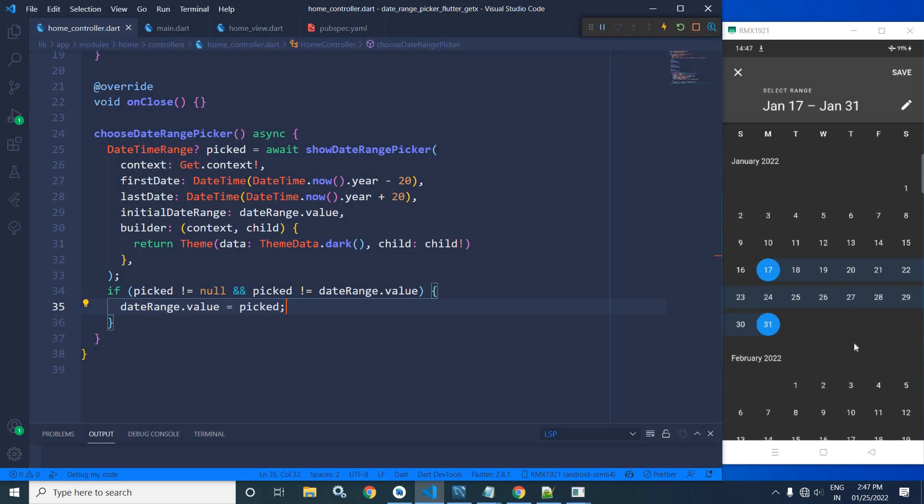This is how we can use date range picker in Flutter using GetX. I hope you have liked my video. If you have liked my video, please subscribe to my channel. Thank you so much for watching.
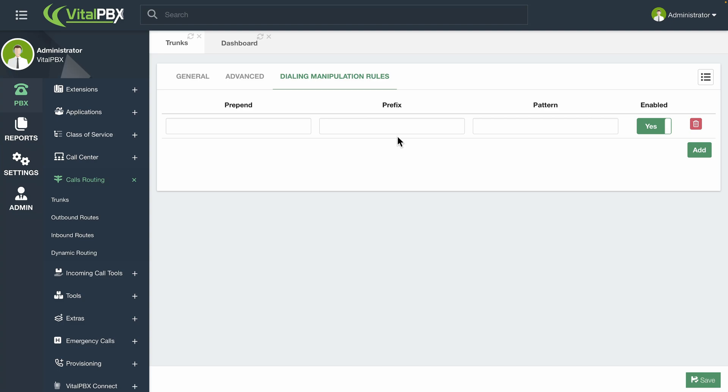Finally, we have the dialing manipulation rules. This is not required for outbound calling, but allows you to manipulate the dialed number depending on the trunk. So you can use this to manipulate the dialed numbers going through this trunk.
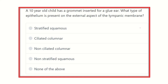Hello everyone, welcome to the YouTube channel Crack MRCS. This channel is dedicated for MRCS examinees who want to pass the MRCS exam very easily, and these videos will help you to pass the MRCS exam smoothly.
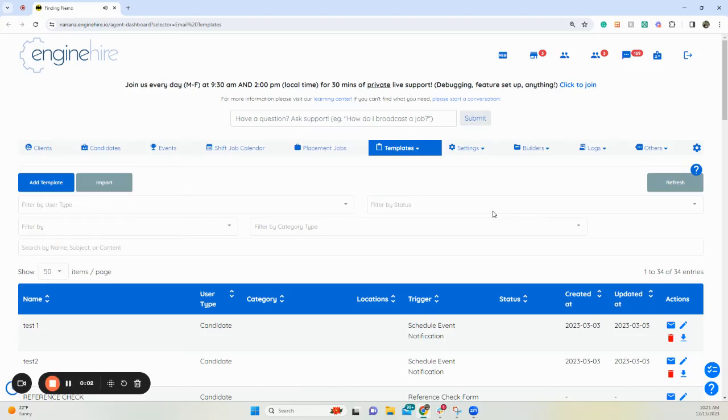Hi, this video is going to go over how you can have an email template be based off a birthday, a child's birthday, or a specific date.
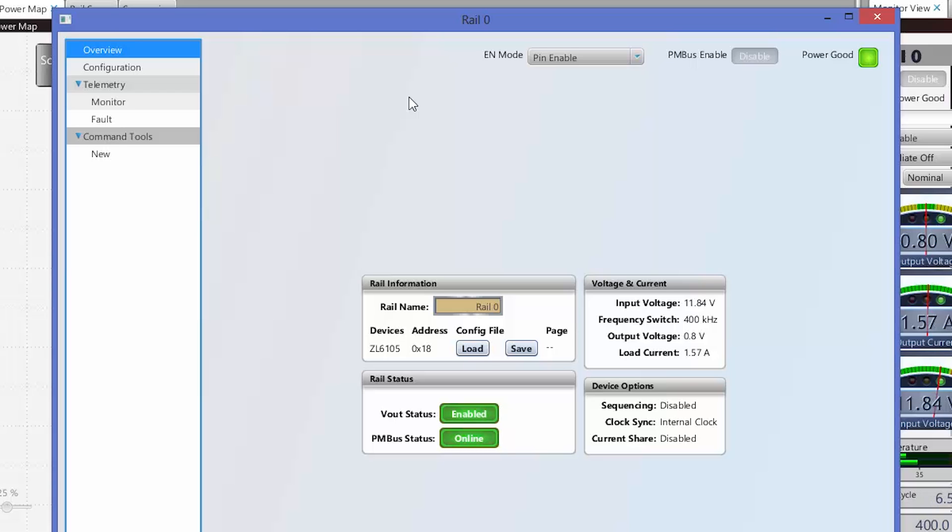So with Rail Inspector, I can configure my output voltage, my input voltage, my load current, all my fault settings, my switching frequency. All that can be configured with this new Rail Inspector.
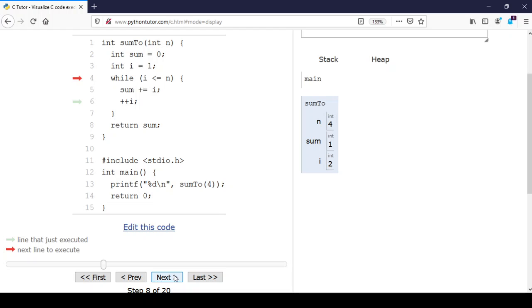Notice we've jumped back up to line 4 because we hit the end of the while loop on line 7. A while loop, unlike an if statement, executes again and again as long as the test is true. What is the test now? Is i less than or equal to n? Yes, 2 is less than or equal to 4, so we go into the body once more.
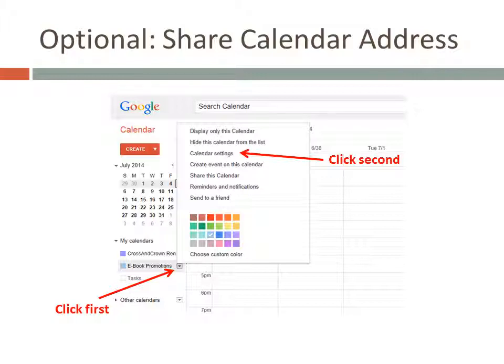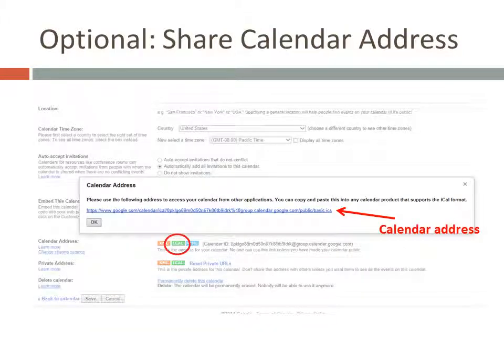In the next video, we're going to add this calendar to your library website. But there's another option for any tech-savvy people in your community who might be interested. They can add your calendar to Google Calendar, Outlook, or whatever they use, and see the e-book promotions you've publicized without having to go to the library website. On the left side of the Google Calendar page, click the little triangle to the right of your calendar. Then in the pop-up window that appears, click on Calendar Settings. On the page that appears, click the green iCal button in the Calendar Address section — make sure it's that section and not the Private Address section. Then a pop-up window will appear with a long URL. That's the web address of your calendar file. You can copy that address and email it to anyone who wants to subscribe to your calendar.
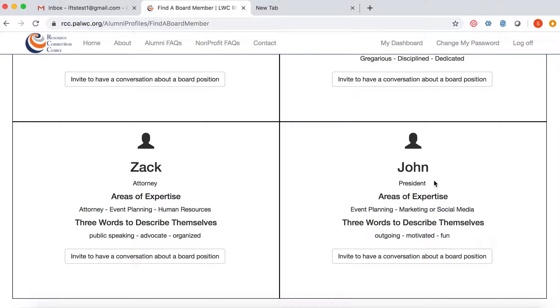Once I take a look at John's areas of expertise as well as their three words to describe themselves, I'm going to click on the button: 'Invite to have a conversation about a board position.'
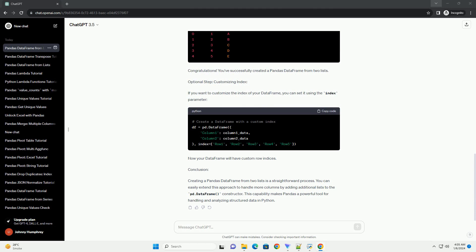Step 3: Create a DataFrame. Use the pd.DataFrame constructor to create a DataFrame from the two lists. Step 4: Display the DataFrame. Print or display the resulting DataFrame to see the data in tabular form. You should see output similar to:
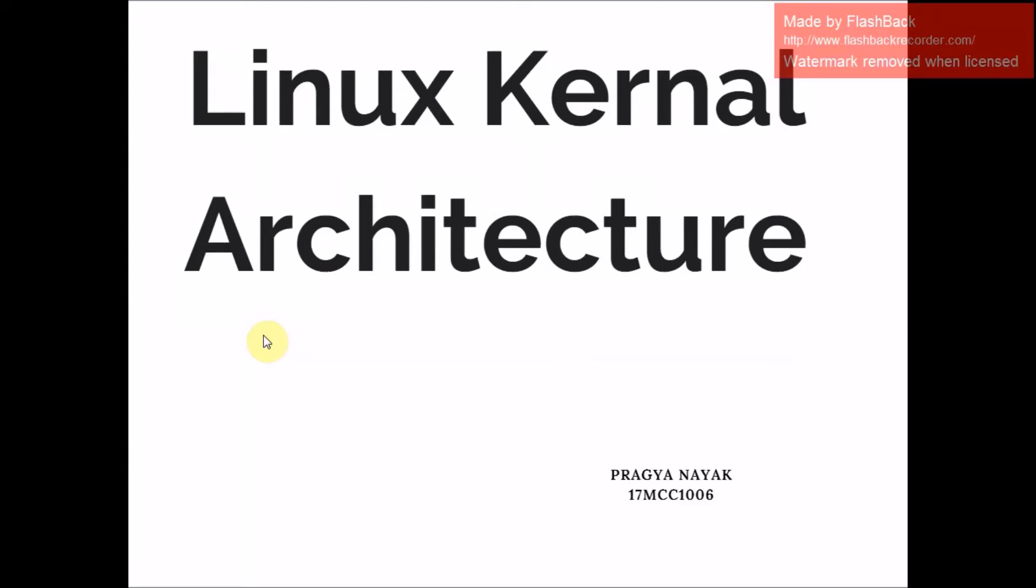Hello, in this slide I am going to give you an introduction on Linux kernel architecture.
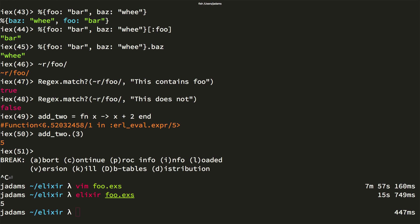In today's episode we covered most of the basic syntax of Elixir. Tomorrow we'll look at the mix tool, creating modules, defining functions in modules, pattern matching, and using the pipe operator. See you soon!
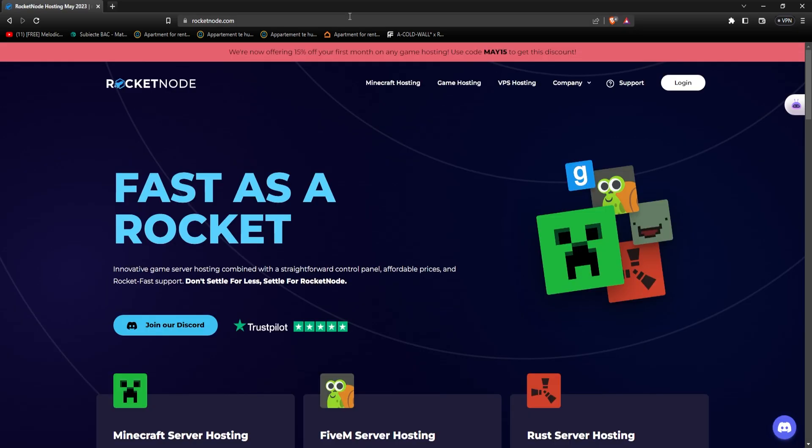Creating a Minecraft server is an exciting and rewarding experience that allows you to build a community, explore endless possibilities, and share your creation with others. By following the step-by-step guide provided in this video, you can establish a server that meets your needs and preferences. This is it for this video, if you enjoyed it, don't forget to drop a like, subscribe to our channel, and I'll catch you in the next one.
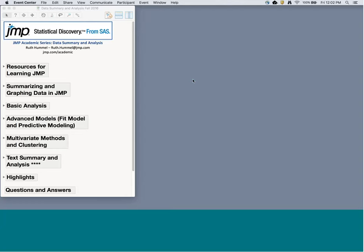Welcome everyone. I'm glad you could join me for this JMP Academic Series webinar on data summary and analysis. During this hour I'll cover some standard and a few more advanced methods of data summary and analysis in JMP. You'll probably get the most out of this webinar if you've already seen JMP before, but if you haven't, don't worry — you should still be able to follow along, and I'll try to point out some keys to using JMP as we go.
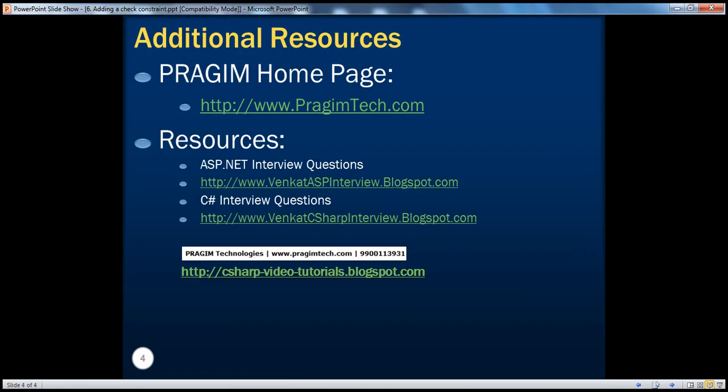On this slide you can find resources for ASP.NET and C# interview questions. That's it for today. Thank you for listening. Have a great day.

## [Exercise aim]
Copy every entry exactly, leaving out the pictures.

## [Answer below]
This is how we can use date range picker in Flutter using GetX. I hope you have liked my video. If you have liked my video, please subscribe to my channel. Thank you so much for watching.
Finally, we have the dialing manipulation rules. This is not required for outbound calling, but allows you to manipulate the dialed number depending on the trunk. So you can use this to manipulate the dialed numbers going through this trunk.
Hello everyone, welcome to the YouTube channel Crack MRCS. This channel is dedicated for MRCS examinees who want to pass the MRCS exam very easily, and these videos will help you to pass the MRCS exam smoothly.
Hi, this video is going to go over how you can have an email template be based off a birthday, a child's birthday, or a specific date.
So with Rail Inspector, I can configure my output voltage, my input voltage, my load current, all my fault settings, my switching frequency. All that can be configured with this new Rail Inspector.
Notice we've jumped back up to line 4 because we hit the end of the while loop on line 7. A while loop, unlike an if statement, executes again and again as long as the test is true. What is the test now? Is i less than or equal to n? Yes, 2 is less than or equal to 4, so we go into the body once more.
In the next video, we're going to add this calendar to your library website. But there's another option for any tech-savvy people in your community who might be interested. They can add your calendar to Google Calendar, Outlook, or whatever they use, and see the e-book promotions you've publicized without having to go to the library website. On the left side of the Google Calendar page, click the little triangle to the right of your calendar. Then in the pop-up window that appears, click on Calendar Settings. On the page that appears, click the green iCal button in the Calendar Address section — make sure it's that section and not the Private Address section. Then a pop-up window will appear with a long URL. That's the web address of your calendar file. You can copy that address and email it to anyone who wants to subscribe to your calendar.
Once I take a look at John's areas of expertise as well as their three words to describe themselves, I'm going to click on the button: 'Invite to have a conversation about a board position.'
Step 3: Create a DataFrame. Use the pd.DataFrame constructor to create a DataFrame from the two lists. Step 4: Display the DataFrame. Print or display the resulting DataFrame to see the data in tabular form. You should see output similar to:
Hello, in this slide I am going to give you an introduction on Linux kernel architecture.
In today's episode we covered most of the basic syntax of Elixir. Tomorrow we'll look at the mix tool, creating modules, defining functions in modules, pattern matching, and using the pipe operator. See you soon!
Creating a Minecraft server is an exciting and rewarding experience that allows you to build a community, explore endless possibilities, and share your creation with others. By following the step-by-step guide provided in this video, you can establish a server that meets your needs and preferences. This is it for this video, if you enjoyed it, don't forget to drop a like, subscribe to our channel, and I'll catch you in the next one.
Welcome everyone. I'm glad you could join me for this JMP Academic Series webinar on data summary and analysis. During this hour I'll cover some standard and a few more advanced methods of data summary and analysis in JMP. You'll probably get the most out of this webinar if you've already seen JMP before, but if you haven't, don't worry — you should still be able to follow along, and I'll try to point out some keys to using JMP as we go.
On this slide you can find resources for ASP.NET and C# interview questions. That's it for today. Thank you for listening. Have a great day.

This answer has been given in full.